**REQUIRED WORK:**
Lines to restate from the data below: from the one containing "简荟厨·西式简餐(花都雅乐城店)法式香煎鸡扒图片" to the one containing "Used 2021 Jeep", both included. Give them again exactly, and only them.

DATA Start Marker

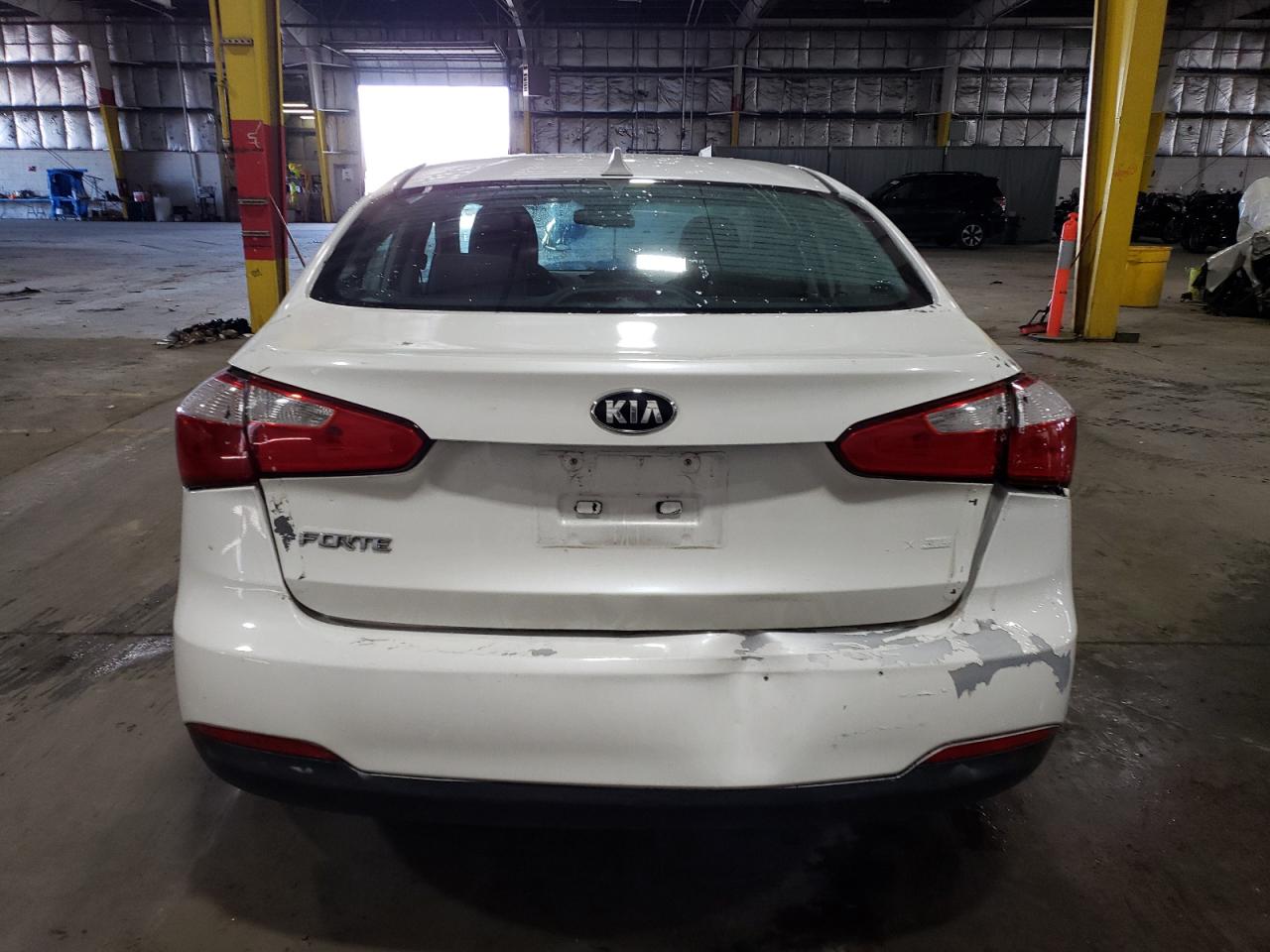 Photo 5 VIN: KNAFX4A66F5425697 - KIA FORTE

DATA End Marker
DATA Start Marker

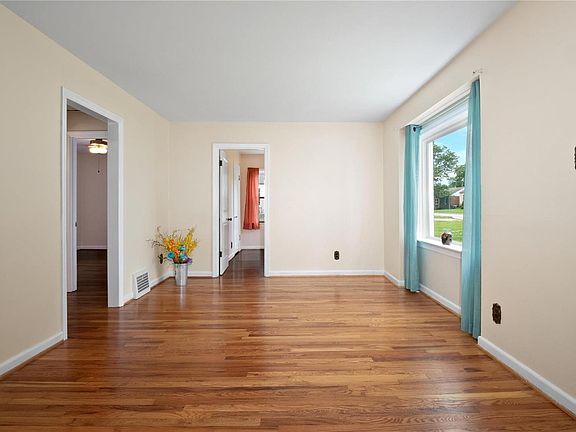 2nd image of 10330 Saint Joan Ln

DATA End Marker
DATA Start Marker

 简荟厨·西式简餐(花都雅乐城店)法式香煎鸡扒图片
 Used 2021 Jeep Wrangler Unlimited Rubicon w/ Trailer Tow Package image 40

DATA End Marker

**RESULT FOR THIS EXERCISE:**
 简荟厨·西式简餐(花都雅乐城店)法式香煎鸡扒图片
 Used 2021 Jeep Wrangler Unlimited Rubicon w/ Trailer Tow Package image 40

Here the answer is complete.